Q: Are there three $\mathbb{Z}^2$ vectors independent over $\mathbb{Z}$ ?
Context: This problem arise naturally when I'm characterizing possible sub-"latice" in $\mathbb{Z}^2$. Formally let $S$ be a set of points ("lattice points") with integer coordinates, and a set of vectors $V = \{ v_1, v_2, …\} \subseteq \mathbb{Z}^2$ so that for all $p \in S$ and $v \in V$, $$p \pm v \in S.$$ i.e., is also a lattice point.

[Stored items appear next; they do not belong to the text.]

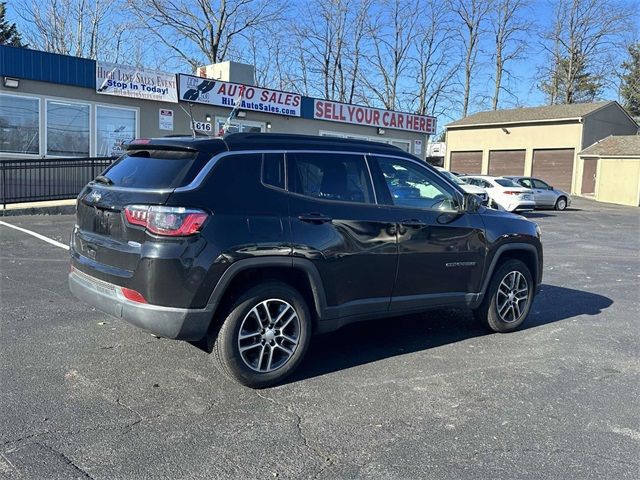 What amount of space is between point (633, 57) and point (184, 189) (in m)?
57.5

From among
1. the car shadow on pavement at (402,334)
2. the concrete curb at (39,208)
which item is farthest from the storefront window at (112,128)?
the car shadow on pavement at (402,334)

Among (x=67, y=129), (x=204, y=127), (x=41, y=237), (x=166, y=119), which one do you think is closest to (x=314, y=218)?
(x=41, y=237)

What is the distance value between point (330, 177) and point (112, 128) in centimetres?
1351

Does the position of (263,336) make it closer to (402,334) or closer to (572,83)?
(402,334)

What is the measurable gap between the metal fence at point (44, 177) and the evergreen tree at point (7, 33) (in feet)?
95.1

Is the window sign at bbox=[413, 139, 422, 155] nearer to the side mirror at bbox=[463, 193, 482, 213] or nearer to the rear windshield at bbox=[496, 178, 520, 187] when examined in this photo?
the rear windshield at bbox=[496, 178, 520, 187]

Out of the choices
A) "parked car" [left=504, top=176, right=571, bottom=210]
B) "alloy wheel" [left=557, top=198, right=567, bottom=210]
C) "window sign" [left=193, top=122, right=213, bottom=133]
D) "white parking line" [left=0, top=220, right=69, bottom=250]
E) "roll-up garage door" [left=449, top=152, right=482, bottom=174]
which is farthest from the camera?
"roll-up garage door" [left=449, top=152, right=482, bottom=174]

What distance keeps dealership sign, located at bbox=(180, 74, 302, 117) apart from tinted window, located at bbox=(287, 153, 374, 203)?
1253cm

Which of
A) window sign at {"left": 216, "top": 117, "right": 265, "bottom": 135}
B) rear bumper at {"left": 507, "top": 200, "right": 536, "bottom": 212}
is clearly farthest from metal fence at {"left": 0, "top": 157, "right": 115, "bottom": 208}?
rear bumper at {"left": 507, "top": 200, "right": 536, "bottom": 212}

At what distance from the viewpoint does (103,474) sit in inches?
121

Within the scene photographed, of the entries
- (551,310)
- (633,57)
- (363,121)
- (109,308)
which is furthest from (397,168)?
(633,57)

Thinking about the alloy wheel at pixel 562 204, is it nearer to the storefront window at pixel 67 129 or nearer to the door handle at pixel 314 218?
the storefront window at pixel 67 129

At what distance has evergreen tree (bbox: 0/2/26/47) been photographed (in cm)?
3841

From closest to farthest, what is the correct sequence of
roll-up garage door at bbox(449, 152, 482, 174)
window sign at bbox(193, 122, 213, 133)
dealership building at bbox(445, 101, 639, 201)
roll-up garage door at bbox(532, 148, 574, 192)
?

We can make a hexagon-like lattice by choosing $(v_1, v_2, v_3) = ((2, 1), (2, -1), (0, 2))$. Notice, then, $v_1 – v_2 = v_3$, so $v_3$ is redundant in $V$– so we can remove $v_3$ while keeping the set $S$. So we ask: is the third vector always redundant, in the sense that
$$ cv_3 = av_1+bv_2, a,b,c \in \mathbb{Z} \implies a=b=c=0?$$
A quick search of "L.I. over $\mathbb{Z}$" reveals that in $\mathbb{Z}^n$, linear independence over $\mathbb{Z}$ is equivalent to $\mathbb{R}$. This overkills the question: if there were 3 independent vectors over $\mathbb{Z}$, then they are too in $\mathbb{R}$, a contradiction.
However, the prove involves using the basis of $\mathbb{R}$ over $\mathbb{Q}$ to deal with the real coefficients, which is a implication of Axiom of Choice. Since my question is simple enough, I would like to see if there is a proof without AoC.
Q: Is the negation of "there exists three $\mathbb{Z}^2$ vectors independent over $\mathbb{Z}$" provable without AoC?
Best Answer
Any three elements in $\mathbb{Z}^2$ are also three vectors in $\mathbb{Q}^2$. But $\mathbb{Q}^2$ has dimension $2$ as a $\mathbb{Q}$-vector space (no need for the Axiom of Choice, as $\mathbb{Q}^2$ has an explicit finite generating set over $\mathbb{Q}$).
That means that if $(a_1,b_1)$, $(a_2,b_2)$, and $(a_3,b_3)$ are in $\mathbb{Z}^2$, then there exist rational numbers $\frac{r_1}{s_1}$, $\frac{r_2}{s_2}$, $\frac{r_3}{s_3}$, not all zero, $s_i\neq 0$, such that $$\frac{r_1}{s_1}(a_1,b_1) + \frac{r_2}{s_2}(a_2,b_2) + \frac{r_3}{s_3}(a_3,b_3) = (0,0).$$ Multiplying through by the nonzero element $s_1s_2s_3$, we obtain a $\mathbb{Z}$-linear combination equal to $(0,0)$. Since $s_1s_2s_3\neq 0$ and not all of $r_1$, $r_2$, and $r_3$ are zero, at least one of the coefficients in $$r_1s_2s_3(a_1,b_1) + r_2s_1s_3(a_2,b_2) + r_3s_1s_2(a_3,b_3) = (0,0)$$ is nonzero, proving that the three elements are $\mathbb{Z}$-linearly dependent.